> [Exercise] Leaving the pictures aside, transcribe only and exactly the lines from the one with "第8话 不为人知的一面32" through the end of the entries, both included.

> [Extracted material]
━━━━━━━━━━━━━━━━

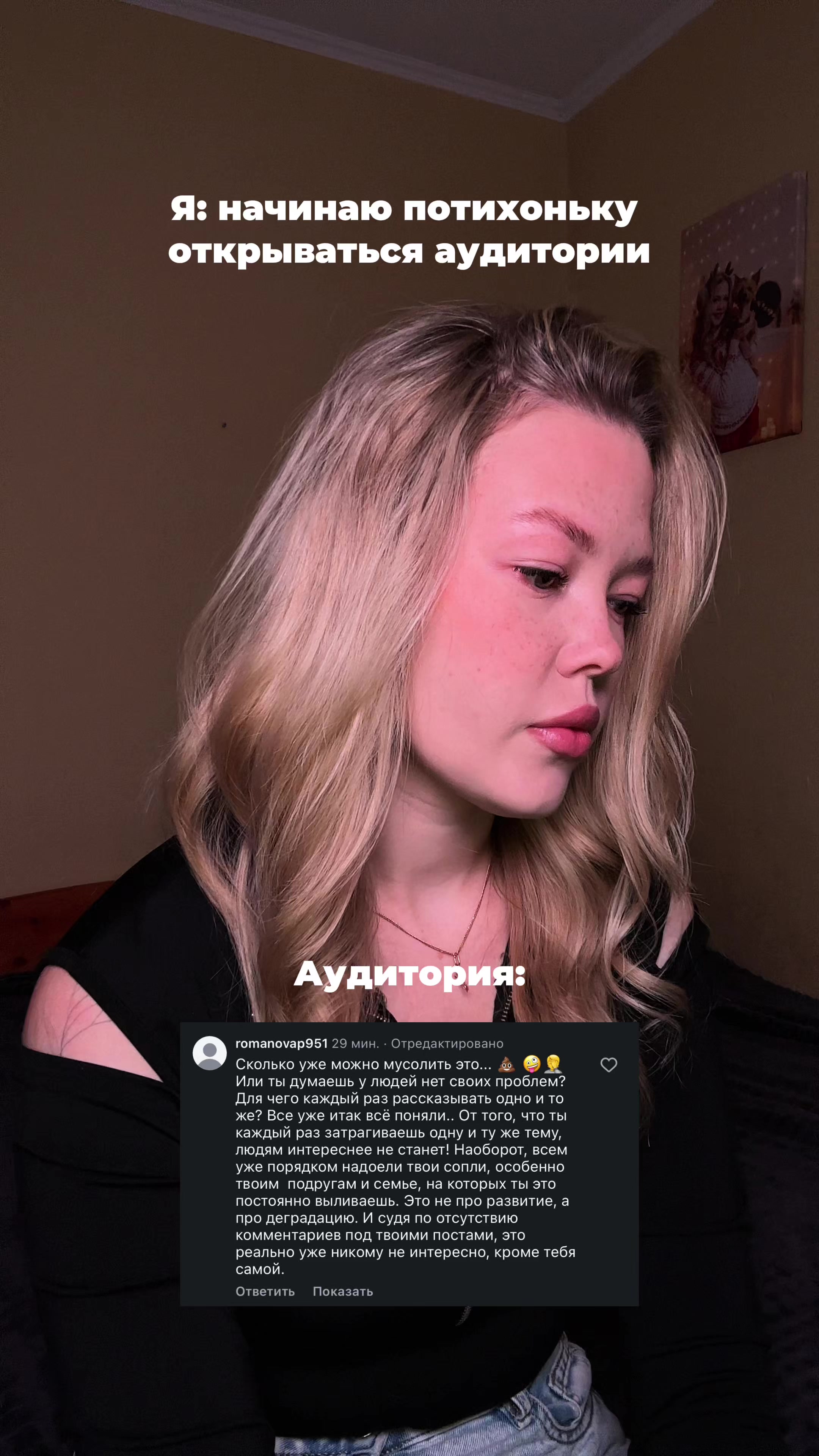 @alexandra_bobkova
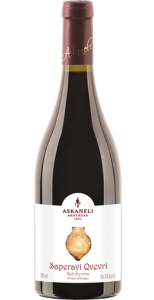 WINO-ASKANELI-QVEVRI-SAPERAVI-0,75L-13.jpg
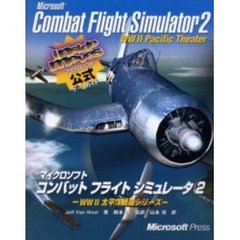 マイクロソフトコンバットフライトシミュレータ２　ＷＷ２太平洋戦線シリーズ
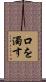 口を濁す Scroll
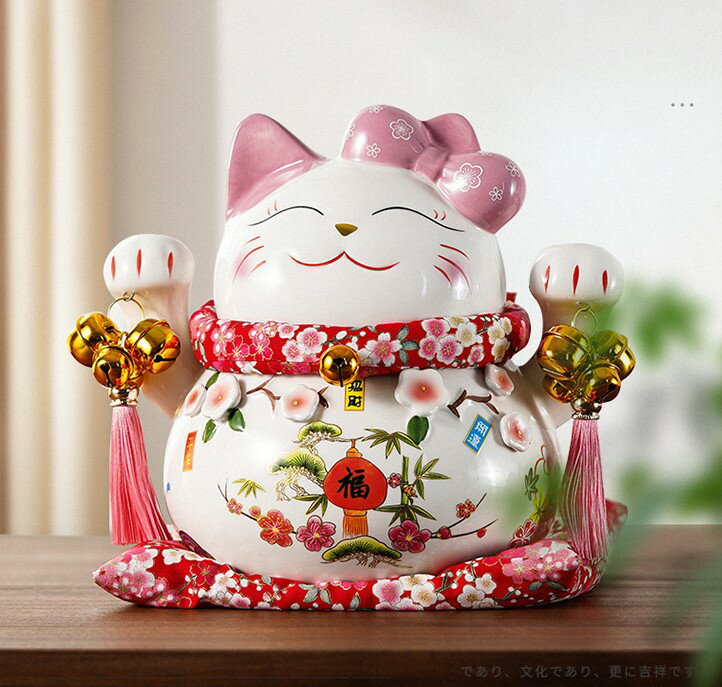 楽天市場】招き猫 貯金箱(占い・開運・風水・パワーストーン 楽天市場】招き猫 貯金箱(占い・開運・風水・パワーストーン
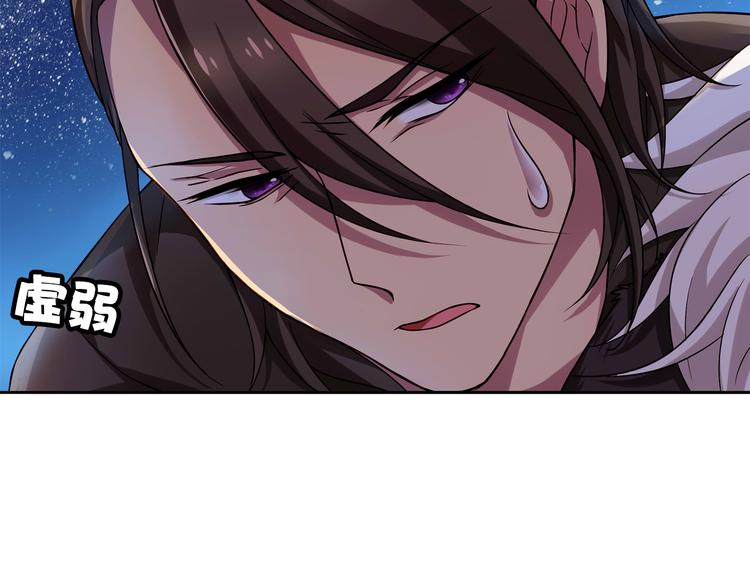 第8话 不为人知的一面32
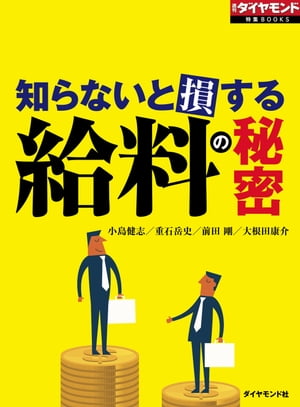 給料の秘密 週刊ダイヤモンド　第一特集【電子書籍】[ 小島健志 ]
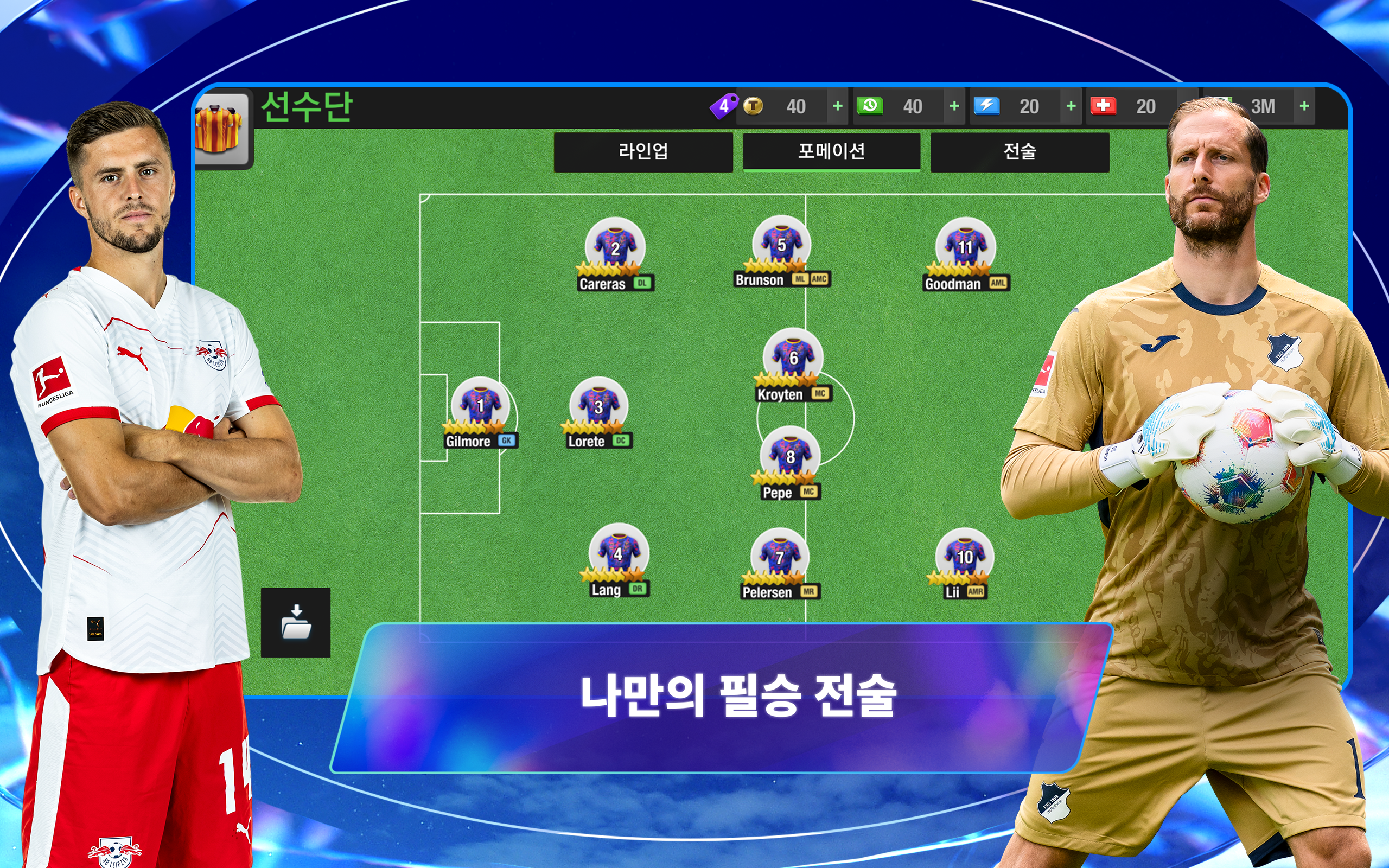 Top Eleven 2026: 축구 감독 게임 게임 스크린샷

━━━━━━━━━━━━━━━━

> [Solution]
 第8话 不为人知的一面32
 給料の秘密 週刊ダイヤモンド　第一特集【電子書籍】[ 小島健志 ]
 Top Eleven 2026: 축구 감독 게임 게임 스크린샷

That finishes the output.